Recovering from a traumatic event like the airport and subway attacks in Brussels this week starts long before the final tally of casualties and damage. For psychology professor Elke Van Hoof, it started in her classroom on Tuesday morning at Vrije University in Brussels.
As her students’ phones started pinging with news of the terror, “we stayed in the classroom together and talked,” Van Hoof told STAT, just hours after the attack.
Some students cried, others got angry. “It’s okay to feel angry and to feel despair,” Van Hoof said.
But it is what happens after those feelings are manifested that most intrigues mental health experts. Researchers now want to go beyond the trauma to find out how some people recover quickly or limit the emotional and mental damage.
Tragic events — from the 9/11 attacks to the Boston Marathon bombing to the recent shootings in San Bernardino, Calif., and Paris — have all brought attention to their psychological impact. Research has shown, for example, that after terrorist attacks, later disasters and media coverage can increase post-traumatic stress.
And psychologists are now using these kinds of events to better understand the phenomenon of resilience — how it’s made, what it looks like, who has it, and how to create it where it doesn’t yet exist.
All that will come later, though.
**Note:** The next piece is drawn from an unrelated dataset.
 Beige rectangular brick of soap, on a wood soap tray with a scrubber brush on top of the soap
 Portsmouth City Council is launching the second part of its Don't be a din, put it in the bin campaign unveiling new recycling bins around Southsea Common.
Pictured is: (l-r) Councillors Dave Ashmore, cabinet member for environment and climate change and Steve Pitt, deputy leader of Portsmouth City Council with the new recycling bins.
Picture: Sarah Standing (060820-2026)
In the immediate aftermath of Tuesday’s attacks, the Belgian Institute for Psychotraumatology started mobilizing a team of emergency responders to provide mental health services for citizens who feel affected by the attacks.
According to Naomi Vandamme, a clinical psychologist with the organization, her team is particularly focused on those who are most vulnerable to post-traumatic stress disorder.
“PTSD rarely comes alone,” Vandamme said. “People who get it will often have some other disorder, like depression or anxiety. And those who had already been traumatized before the event will experience more post-traumatic stress.”
One of the first signs of post-traumatic stress that Belgium can expect to see is that some people will avoid certain areas, Vandamme said.
“People may think, ‘I’m not going to take the metro,’ or ‘I won’t go into the city,’ or ‘I’m not going to take my vacation because it might not be safe,'” she said, adding that those behaving so fearfully will need supportive care.
Vandamme and her colleagues will also be researching the fallout from the deadly bombings in Brussels — yet another tragic data point in the growing literature about how people do or don’t persevere through the chaos.
“It’s a little too soon to know what we will study, but we have a research team in place,” Vandamme said. “I would be very interested in comparing the group that will have a lot of trauma-related disorders to those that don’t. What I would love to learn about are the people who will not have a problem.
“We do know that people who have a safe relationship with a supportive figure in their lives, and people with a stronger sense of identity, have better coping skills,” Vandamme added. “But we want to learn how, so we can bring services that can bring people closure on these events.”